Mr Glass estimates that he has invested millions “or at least hundreds of thousands” in time costs over the last three and half decades. He said: “It’s a very high risk approach but I like to think it works because I am quite proud of being associated with these companies and the people involved.”

His clients are often on the phone, reinforcing an important point for him. “It’s so important for a business to have a mentor or non-executive,” he said. “Somebody who’s committed to them, who they can get on with and who can act as a bouncing board.”

Mr Glass is encouraged by the move towards entrepreneurialism in the UK.

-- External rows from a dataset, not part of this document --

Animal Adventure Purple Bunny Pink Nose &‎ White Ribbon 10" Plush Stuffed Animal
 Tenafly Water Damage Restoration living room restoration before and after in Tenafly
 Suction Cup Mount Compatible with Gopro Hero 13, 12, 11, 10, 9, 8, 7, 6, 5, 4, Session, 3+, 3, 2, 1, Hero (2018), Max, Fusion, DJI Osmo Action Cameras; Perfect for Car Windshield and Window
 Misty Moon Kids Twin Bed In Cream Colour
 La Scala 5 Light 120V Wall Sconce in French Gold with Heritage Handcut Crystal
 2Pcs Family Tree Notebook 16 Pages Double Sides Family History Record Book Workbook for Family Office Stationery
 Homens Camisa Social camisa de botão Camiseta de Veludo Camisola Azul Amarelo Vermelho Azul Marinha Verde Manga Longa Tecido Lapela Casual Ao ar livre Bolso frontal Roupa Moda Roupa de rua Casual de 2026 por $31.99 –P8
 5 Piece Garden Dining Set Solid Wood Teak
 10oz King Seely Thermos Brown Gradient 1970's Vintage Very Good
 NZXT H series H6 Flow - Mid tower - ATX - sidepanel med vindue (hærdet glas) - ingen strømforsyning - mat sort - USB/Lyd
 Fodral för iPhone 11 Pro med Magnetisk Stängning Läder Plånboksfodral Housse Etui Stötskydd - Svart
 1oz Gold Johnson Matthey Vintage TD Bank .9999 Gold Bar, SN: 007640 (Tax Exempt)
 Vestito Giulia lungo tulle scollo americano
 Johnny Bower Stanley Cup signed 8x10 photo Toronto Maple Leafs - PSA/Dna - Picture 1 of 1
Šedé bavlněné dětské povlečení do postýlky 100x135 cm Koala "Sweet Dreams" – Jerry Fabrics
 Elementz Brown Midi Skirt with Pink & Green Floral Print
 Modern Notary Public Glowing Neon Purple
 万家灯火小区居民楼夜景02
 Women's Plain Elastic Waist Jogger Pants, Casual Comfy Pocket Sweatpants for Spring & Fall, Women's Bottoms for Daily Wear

While bank funding between £10,000 and £500,000 is seriously lacking, he is pleased by the growth of the business angel movement and said changes to the Enterprise Investment Scheme should help SMEs.

An irresistible challenge

As a young accountant in the Sixties, Colin Glass had little interest in auditing.

He was, however, very interested in the stock market and enjoyed following the activities of Jim Slater, a well-known corporate investor.

Inspired, Mr Glass found work at a small Leeds investment bank called PR Grimshawe and Co that bought small, unloved quoted companies and revamped them.

He was keen to do his own thing though and with Melvyn Winburn, a long-standing friend, and David Norfolk, a steadying influence, set up accountancy firm Winburn Glass Norfolk in Leeds in 1974.

At 67, is he thinking of retirement? “I enjoy what I’m doing,” he said. “I can’t resist the challenge.”